Intervention de Stéphane Lacroix

Réunion du 28 janvier 2015 à 9h00
Commission des affaires étrangères

Stéphane Lacroix, chercheur et professeur associé au CERI :

Sans lui avoir donné naissance, cet échec le nourrit certainement. En Égypte, depuis le renversement de Morsi, une partie de la base des Frères musulmans – en particulier la jeunesse – ne croit plus au jeu démocratique et est désormais tentée par des alternatives radicales, d'autant que le nouveau pouvoir considère les Frères comme des terroristes et réprime violemment les manifestations. Ne bénéficiant aujourd'hui d'aucune porte de sortie en Égypte, certains d'entre eux viennent probablement nourrir les rangs de la mouvance djihadiste. D'ailleurs, le principal mouvement djihadiste égyptien, les Partisans de Jérusalem, a officiellement rejoint Daech et s'appelle désormais L'État islamique-Gouvernorat du Sinaï – région où se situent les bases des djihadistes égyptiens.

La France et l'Europe doivent tout faire pour faciliter l'intégration des partis islamistes prêts à jouer le jeu démocratique, qui répondent aux deux conditions évoquées par Mme Curmi. L'exemple tunisien montre que, sans constituer une solution miracle, cette intégration permet de limiter autant que possible la menace djihadiste. Des discussions ont d'ailleurs lieu actuellement entre les Européens et le régime égyptien pour pousser le maréchal Al-Sissi vers une politique de réconciliation qui permettrait de stopper la dérive d'une partie de la base de l'islamisme politique vers un islamisme djihadiste avec lequel aucun dialogue n'est possible.

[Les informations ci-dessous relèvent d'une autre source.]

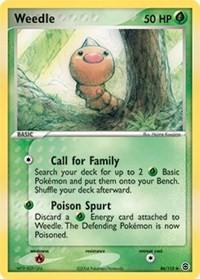 Weedle (86) [FireRed & LeafGreen] | Card Merchant Takapuna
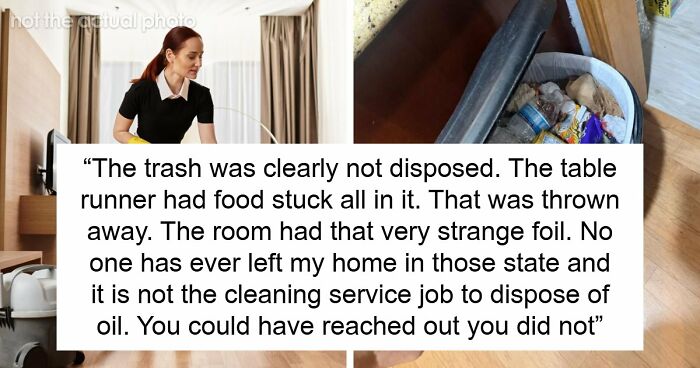 Guests Shocked After Airbnb Owner Wants $150 Cleaning Fee Based On Candy Wrapper And AI Trash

Par ailleurs on ne peut pas parler de Daech sans évoquer l'Irak. Daech représente le prolongement d'Al-Qaïda en Irak qui se constitue en 2004-2005 dans le sillage de l'invasion américaine dont elle est le produit – ou l'effet pervers. Le pouvoir étant désormais accaparé par les chiites, la marginalisation des sunnites pousse ces derniers vers ce groupe qui prétend défendre leurs intérêts, tant en Irak qu'en Syrie. Cette population qui se sent mise à l'écart ne bénéficie en outre d'aucune alternative, Daech prospérant sur un vide politique. En Syrie, même si Bachar al-Assad continue à tenir la région de Damas et la région alaouite dont il est originaire, il a perdu toute légitimité auprès des sunnites et ne reprendra plus contrôle sur leurs territoires. En Irak également, même avec une vraie volonté d'intégrer les sunnites dans les gouvernements, le premier ministre aura du mal à établir son autorité dans les régions sunnites. Dans ce vide, Daech représente la seule force disponible ; une partie des sunnites en accepte le joug par absence d'alternative et non par adhésion à son idéologie qui n'est partagée que par une petite minorité active et armée.